Mary’s passion for native plants was ignited after she helped with a multi-year research study measuring plant succession at the Miller Creek Demonstration Forest, west of Whitefish.  A longtime member of the Montana Native Plant Society, she served as chapter president from 1996-2000. Together, Mary and Gary helped inventory old growth stands near Murphy Lake; started the Family Forestry Expo’s plant identification station; and championed the protection of Johnson Terraces near Whitefish, inspiring its recognition as a Botanical Special Interest Area. They also contributed two permanent exhibits to the Whitefish Community Library: an extensive wildflower herbarium with detailed descriptions, preserved specimens, and Mary’s photographs of more than 100 native species; and a tree slice from a 690-year-old larch, detailing fire history and the concurrent human timeline.

The Sloans’ contributions were well appreciated, as evidenced by numerous awards. They received the 2018 Conservation Achievement Recognition from Flathead Audubon; a 2015 Special Achievement Award from the Montana Native Plant Society; the Montana Loon Society’s Volunteer of the Year Award in 1995; and the Flathead National Forest’s Danny On Conservation Award in 1996 in recognition of their work assembling fire history data, monitoring loon nesting, documenting vegetation succession following the Little Wolf Fire, and monitoring owl boxes. In detailing their accomplishments, Danny On Award language described the Sloans as “independent, thoughtful people who are looking for solutions to difficult problems. They are role models to all of us on how to disagree with people and yet still work constructively together.”

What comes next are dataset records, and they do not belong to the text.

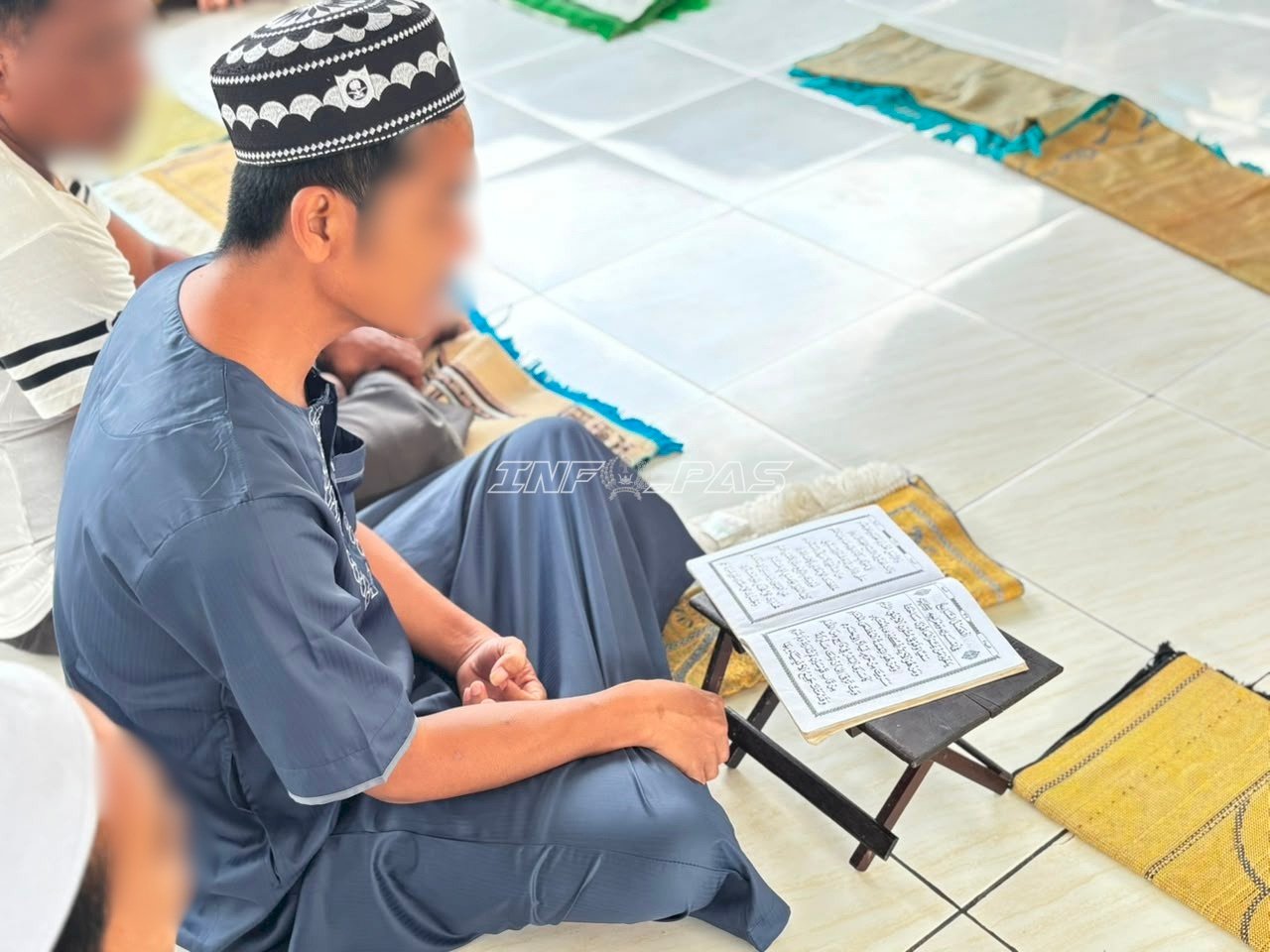 Lantunan Selawat Burdah Bergema di Rutan Rantau, Warga Binaan Perkuat Keimanan
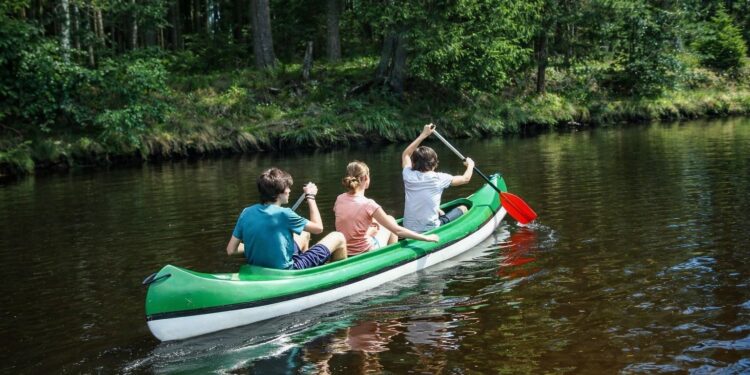 Splouvání Vltavy III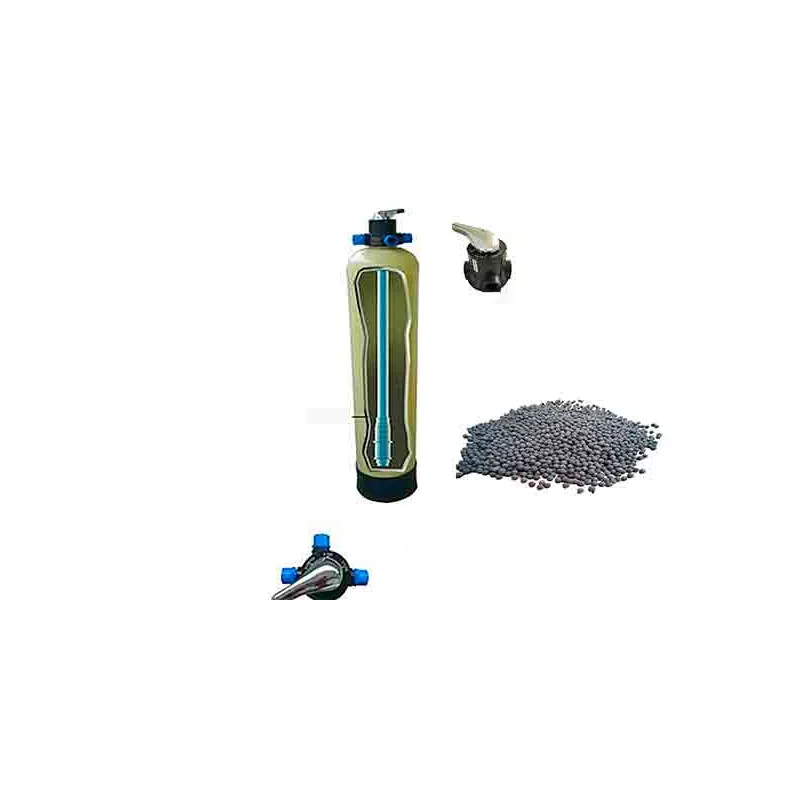 Filtro para Alcalinizar con Esferas Cerámicas Eleva el PH hasta 9.5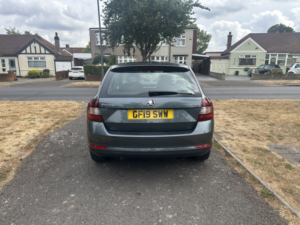 2019 Skoda Rapid Spaceback 1.0 Tsi Se Tech in Grey — image 3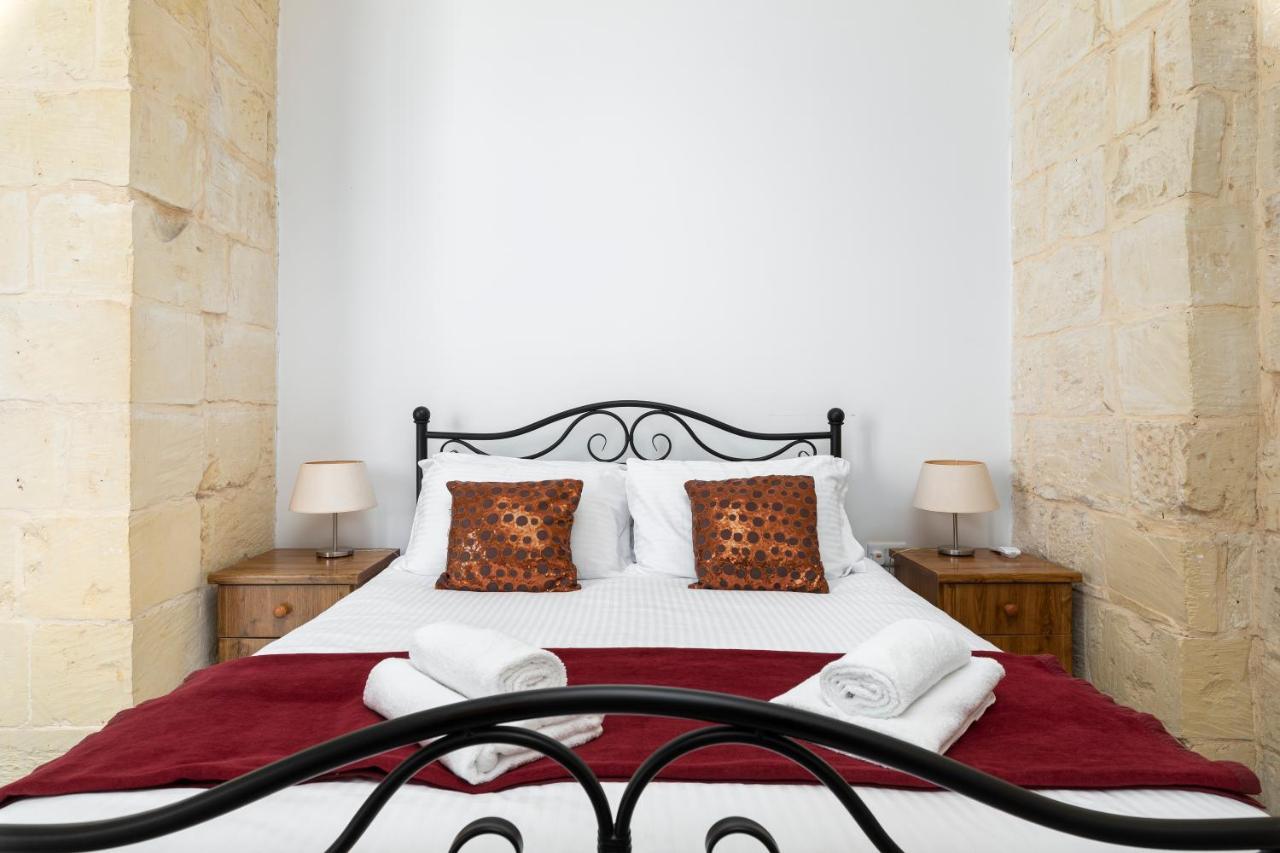 Traditional & Modern Maltese Townhouse - Rooftop Terrace And Sea Views, Close To Birgu Waterfront Cospicua Exteriér fotografie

On a personal note, in 2015 I hiked to Baptiste Lookout to visit Mary and her close friend, Inez Love, who was volunteering as lookout. Mary greeted me with a lovely bouquet of fireweed, asters, and huckleberry leaves. She was 81 and had hiked the nearly 6 miles and 2700 feet to the lookout days before. Athletic and never one to be idle, she had used a Pulaski to build a trail hundreds of feet, from the lookout to the outhouse. She even lined the trail handsomely with rocks. I tried my novice hand at the Pulaski under Mary’s clear instruction. Thirty years her junior, I couldn’t match Mary’s work ethic, skill, and enthusiasm. She will continue to inspire me and many others with her life’s example.